* Extracted information *
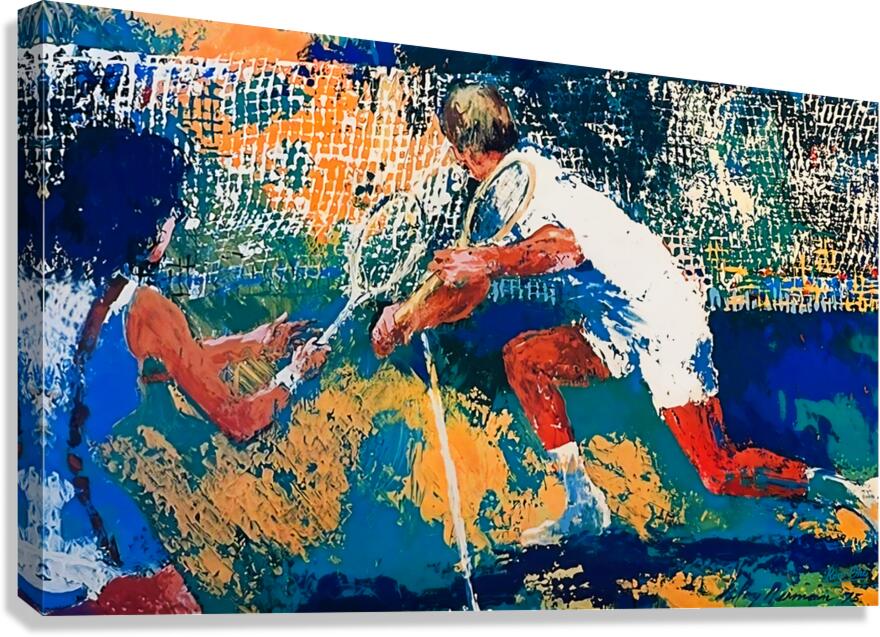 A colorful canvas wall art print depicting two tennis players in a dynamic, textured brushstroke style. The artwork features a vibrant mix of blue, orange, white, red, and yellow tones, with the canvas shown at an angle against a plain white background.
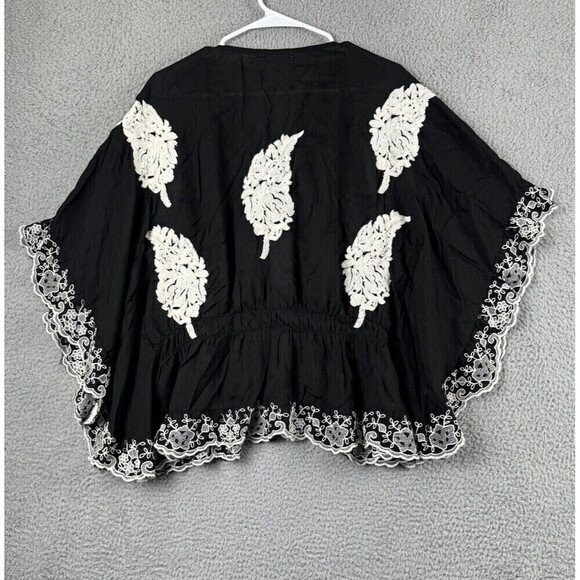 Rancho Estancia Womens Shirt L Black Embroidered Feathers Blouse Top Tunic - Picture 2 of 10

...

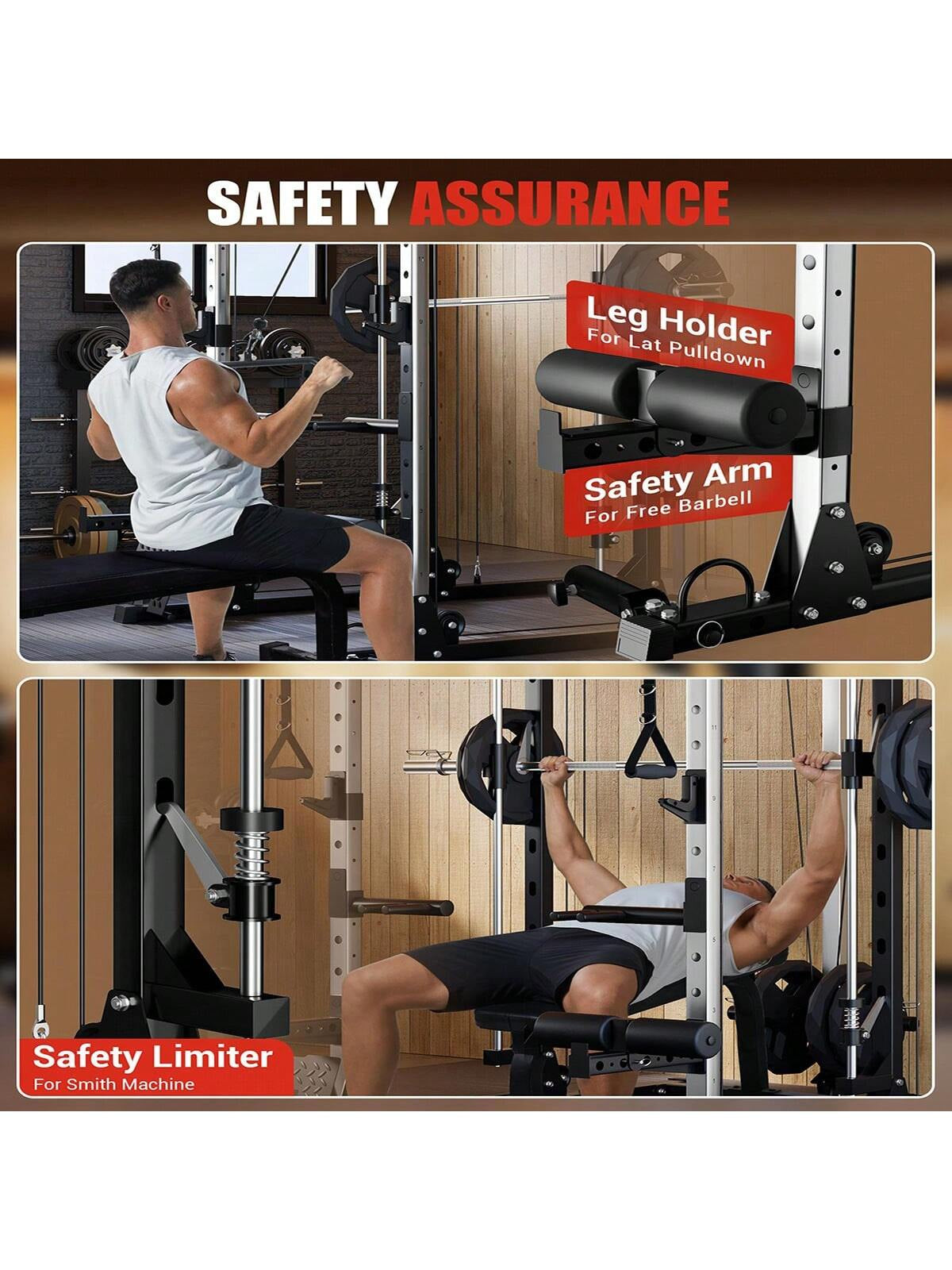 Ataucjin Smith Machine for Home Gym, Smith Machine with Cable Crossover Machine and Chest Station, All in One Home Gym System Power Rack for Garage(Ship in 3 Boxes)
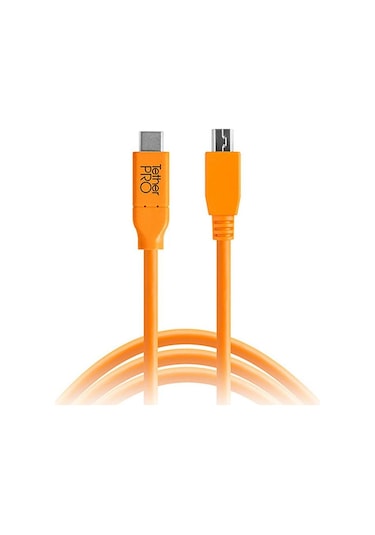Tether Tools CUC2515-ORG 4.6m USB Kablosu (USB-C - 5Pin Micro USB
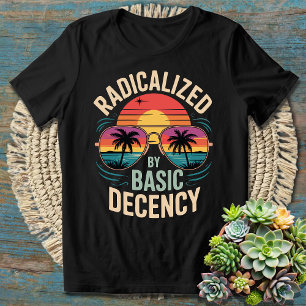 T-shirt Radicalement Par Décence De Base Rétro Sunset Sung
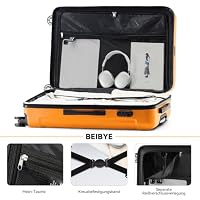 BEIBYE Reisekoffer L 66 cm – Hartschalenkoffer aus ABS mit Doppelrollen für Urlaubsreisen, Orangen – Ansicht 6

==

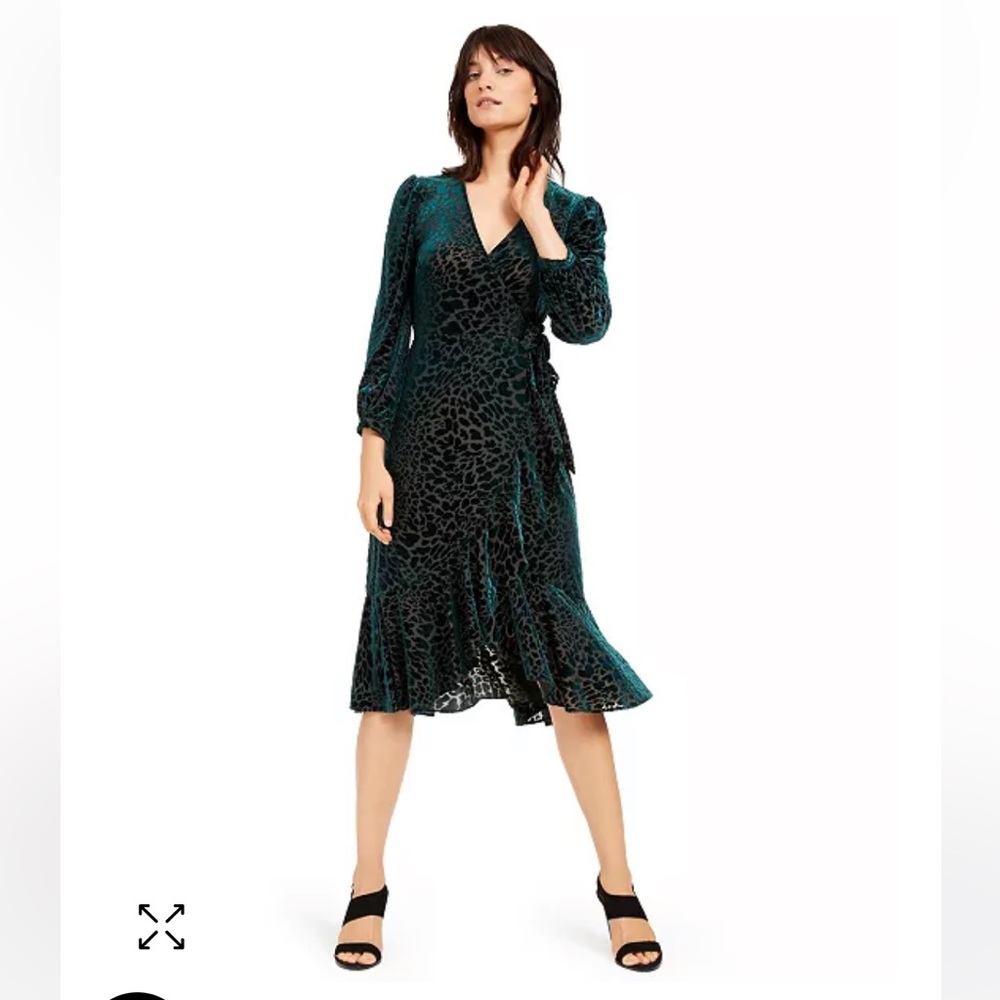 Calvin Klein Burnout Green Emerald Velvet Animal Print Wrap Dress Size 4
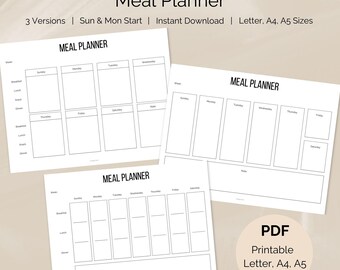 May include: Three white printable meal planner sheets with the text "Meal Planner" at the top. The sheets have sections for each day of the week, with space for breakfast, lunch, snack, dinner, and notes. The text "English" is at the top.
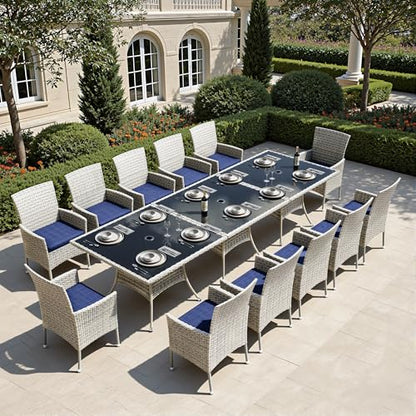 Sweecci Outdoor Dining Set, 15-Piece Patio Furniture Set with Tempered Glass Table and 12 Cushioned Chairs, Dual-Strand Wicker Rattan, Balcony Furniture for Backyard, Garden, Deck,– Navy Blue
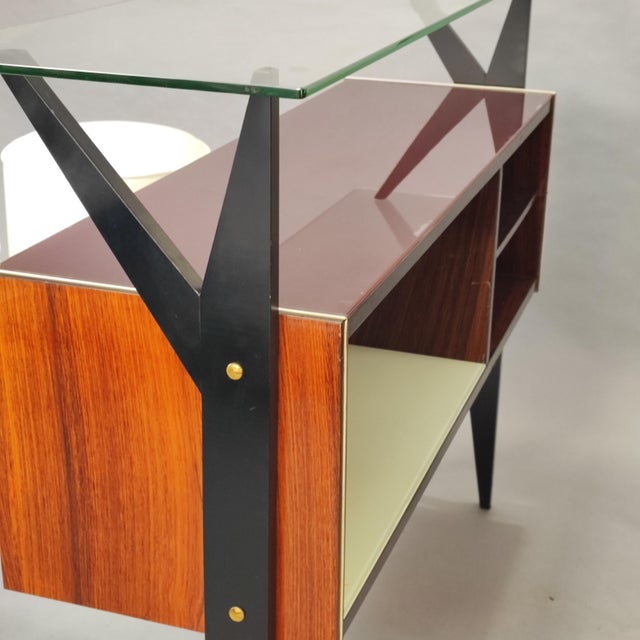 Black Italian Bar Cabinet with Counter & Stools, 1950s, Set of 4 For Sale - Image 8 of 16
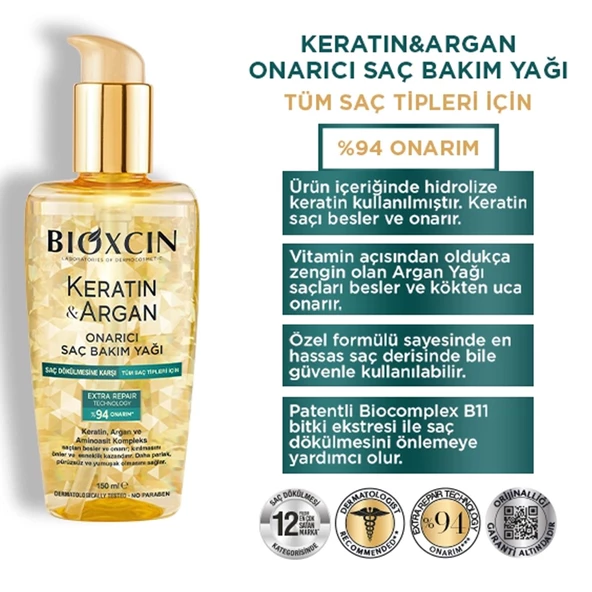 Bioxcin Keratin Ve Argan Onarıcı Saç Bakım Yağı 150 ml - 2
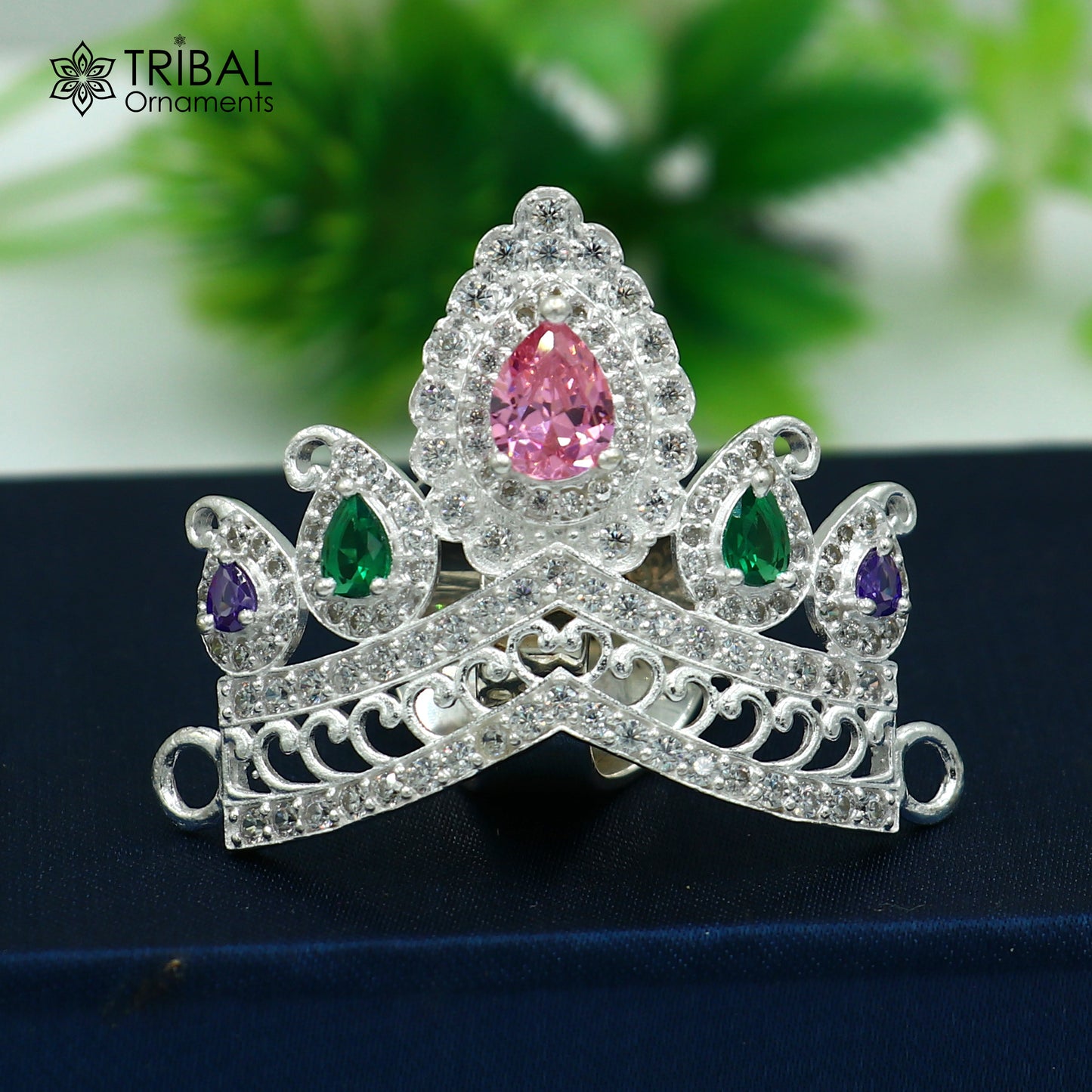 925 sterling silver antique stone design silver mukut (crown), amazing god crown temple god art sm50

* What to work on *
Using the entries above, transcribe every line from the line containing "T-shirt Radicalement Par" through the line containing "BEIBYE Reisekoffer L". Do not copy pictures.

* Reply to the exercise *
 T-shirt Radicalement Par Décence De Base Rétro Sunset Sung
 BEIBYE Reisekoffer L 66 cm – Hartschalenkoffer aus ABS mit Doppelrollen für Urlaubsreisen, Orangen – Ansicht 6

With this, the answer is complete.